今まで初心者らしき女にレクチャーしていた男が俺とアイテムを見て、その連れに話しかける。
「ボールが吹っ飛ぶの初めて見た」
「あの金ピカアイテムは?」
「そうそう、武器落とすのも知らなかった。レアっぽいけど、イベントかなあ?」
「じゃあ、聞いてみる?」
「うーん、黙々となんかやってるし、ちょっと近寄り難いなぁ……」
「なんか無表情で、不審者っぽいよね……」
簡単に手に入る無価値なクエアイテムじゃないのか? こっちが聞きたい! 不審者というワードさえ無ければ……だが技の調整は意地でも止めない。
俺が拾えなかった盾を拾うべく、ボールを退かそうと試みる者、他のボールに挑む者。わずかにボールは動くものの、どちらも上手くいかない。やはりボールを浮かすにはネックレスが必要なのだろう。
拾った武器の事は気にせず次のコンボを試そうかと、これからの事について考えていると、見知らぬ赤髪の男が俺が集めたアイテムの中から双剣を掴みあげた。
その男は俺に向かって言い放った。
「捨てたんだから別にいいだろ?」
確かに通常ならば、拾い上げたドロップアイテムを手放した時点で、そのアイテムの所有権を失う。しかし俺は旅商人。そのアイテムは旅商人スキル『青空市場』の効果で、いまだに俺の物だった。
カウントダウンが5から始まる。略奪の意思確認だ……4。男が武器を所持したままゼロになれば決闘開始だ。
その男は知らずに拾ったのかもしれないが、俺はその言いざまが癪に障ったので、誤解であろうと見逃す気はなかった。
俺は男の正面でファイティングポーズをとり、男の反応を待つ。アイテムを戻すか、戦うか、持ち逃げするのも男の自由。
この場に居合わせた数名のプレイヤーが、事の成り行きを静かに見守っている。
男もこちらの態度が気に障り収まりがつかないのだろう。武器を手放すこともなく、こちらを睨んでいた。
男は拾った双剣を左右の手に握りなおし、素早く左剣で斬りつけてきた。ゼロになるタイミングで攻撃が当たるように。

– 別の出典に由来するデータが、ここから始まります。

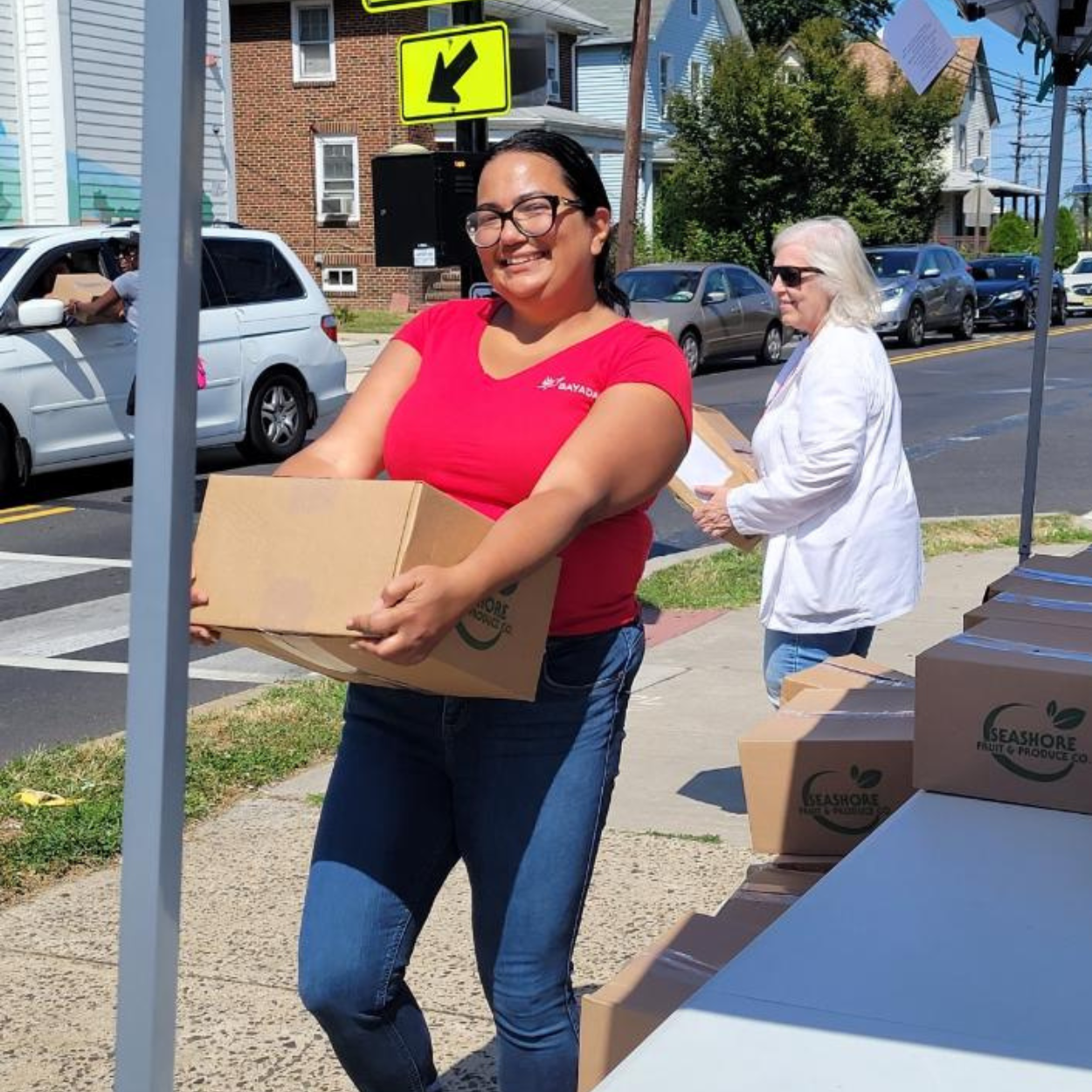 Woman in red BAYADA t-shirt holding a cardboard box of supplies, stands smiling and posed for the camera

俺は半歩踏み出し開始直前にその攻撃を喰らう。ノーダメージだ。
男の続けざまの右の突きにあわせて、サイドキック、後掃腿、そして倒れこんだ相手の顔面めがけてサッカーボールキックを放つ。
倒せた。三発で倒せた。
盗まれた事で発動する強化スキル『商人の怒り』と、対人でも発揮したクリティカルのおかげだろう。相手のレベルは知らないが、対人レベル補正も効いたのかもしれない。

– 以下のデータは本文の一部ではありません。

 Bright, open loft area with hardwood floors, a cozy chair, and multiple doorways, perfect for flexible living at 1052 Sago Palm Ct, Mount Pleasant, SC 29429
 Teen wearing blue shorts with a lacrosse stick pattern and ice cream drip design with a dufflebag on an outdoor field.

俺の右腕が左剣に斬られて、HPが三割減っていたが、初撃を防げたのも勝因の一つだ。
俺は男の手からこぼれ落ちた右剣を掴み取る。拾い上げた右剣に勝手に左剣が吸い寄せられた。
「こいつが欲しけりゃ、俺を倒してみるんだな」
こいつの価値を俺は知らないけど……。
「え、勝てばくれるの?」
「マジでー!」
「えっ? みんなに言ったわけじゃないんだけど……」
俺はあわてて訂正するも彼らの耳は届かない。何かが始まろうとしていた。